Problem to solve:
Only what runs from the line with "Dresses * |" to the end of the data should appear in the answer, exactly as written and without pictures.

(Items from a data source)
-=-=-

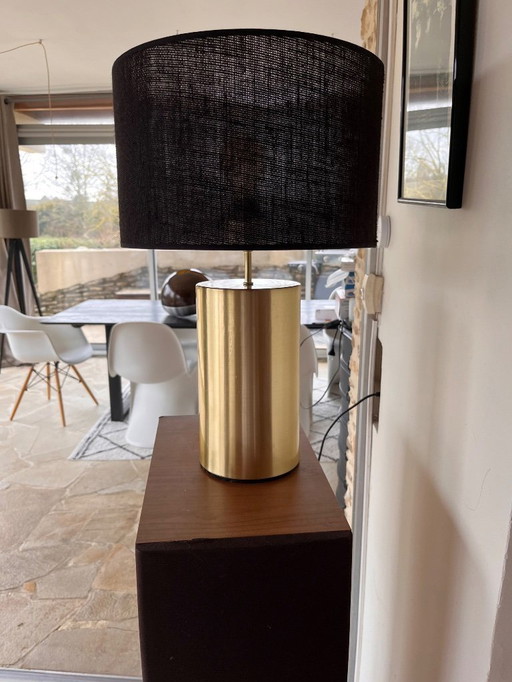 table lamp, gold metal and black jute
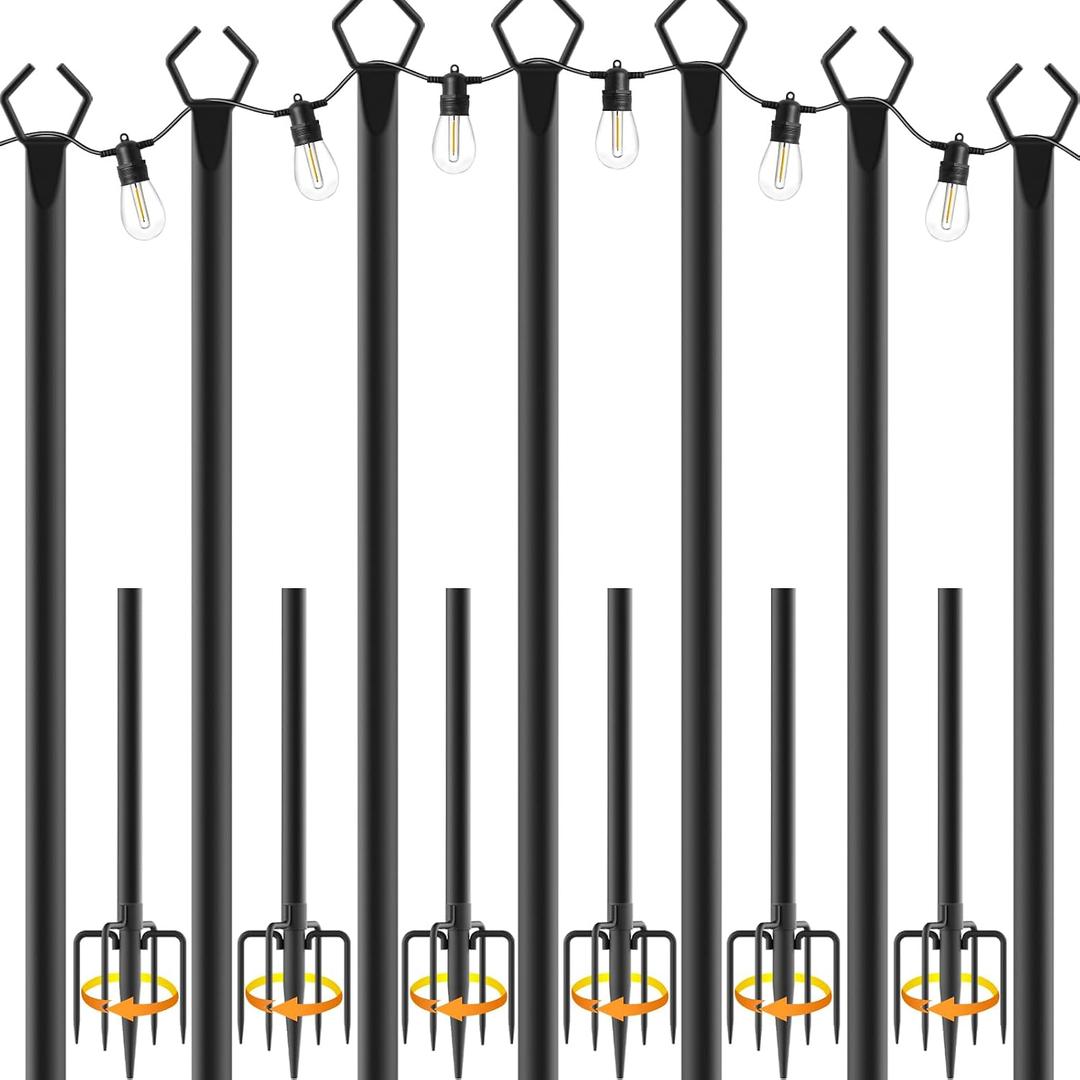 NUERPO 7 Pack String Light Poles,Metal Poles for Hanging Outdoor Light Strings,7 Pack 10 FT Light Poles Stand for Outside Garden,Patio,Wedding,Backyard,Deck,Party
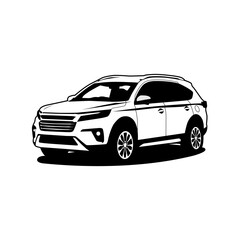 modern SUV car black outline vector illustration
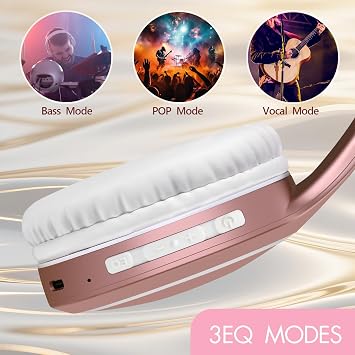 Bluetooth Headphones Over Ear, 70H Playtime and 3 EQ Music Modes Wireless Headphones with Microphone, HiFi Stereo Foldable Lightweight Headset, Deep Bass for Home Office Cellphone PC (Rose Gold)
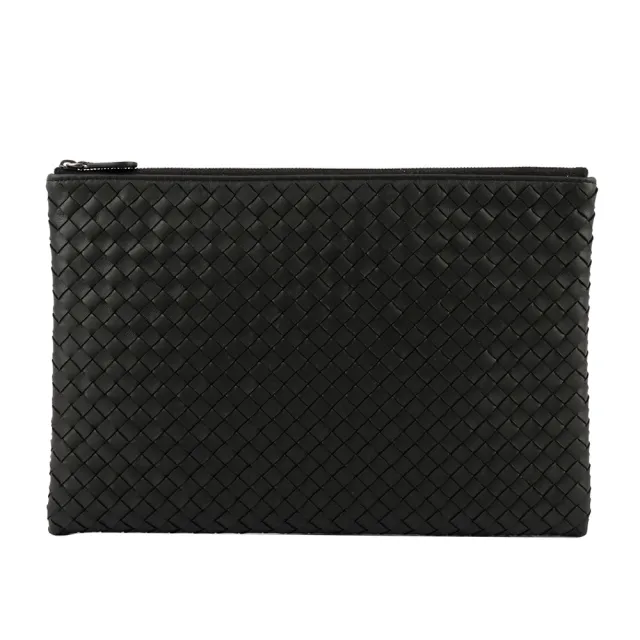 【BOTTEGA VENETA 寶緹嘉】編織羊皮大款手拿包/收納包(黑色)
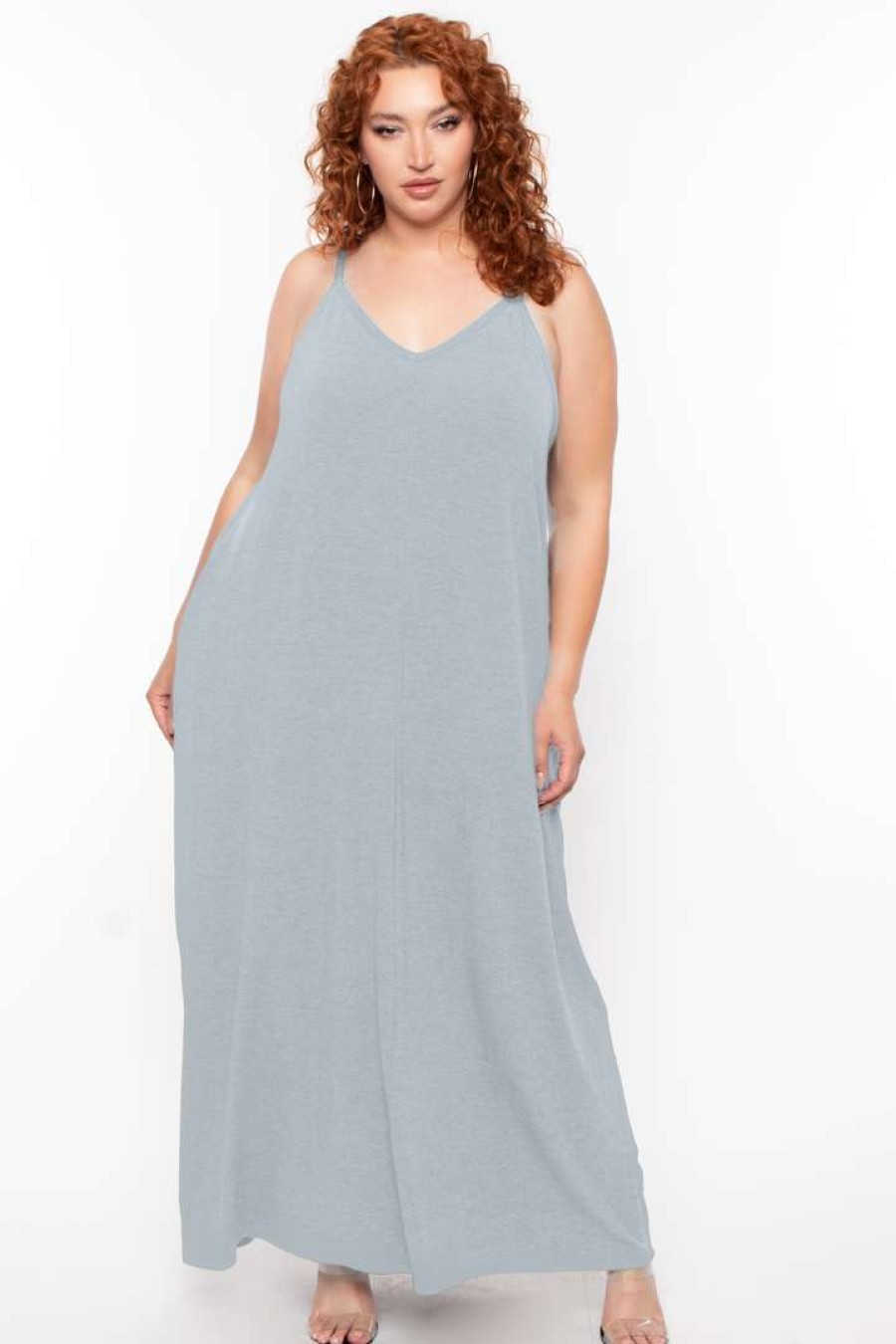 Dresses * | Zenana Dresses Plus Size Cami Strap Maxi Dress Light Grey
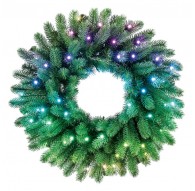 Twinkly pre-lit wreath 50 RGB LED Green wire Plug type C
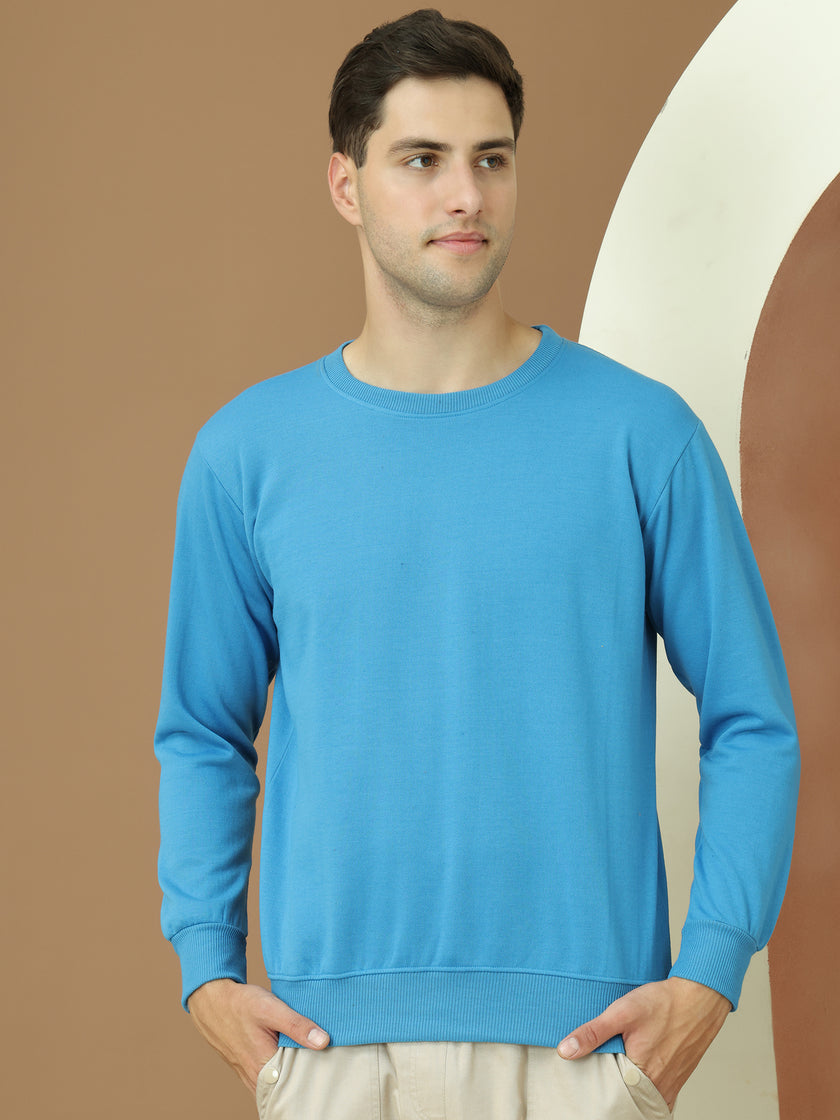 VimaL Jonney Regular Fit Blue Solid Sweatshirt For Men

-=-=-

Exercise output:
 Dresses * | Zenana Dresses Plus Size Cami Strap Maxi Dress Light Grey
 Twinkly pre-lit wreath 50 RGB LED Green wire Plug type C
 VimaL Jonney Regular Fit Blue Solid Sweatshirt For Men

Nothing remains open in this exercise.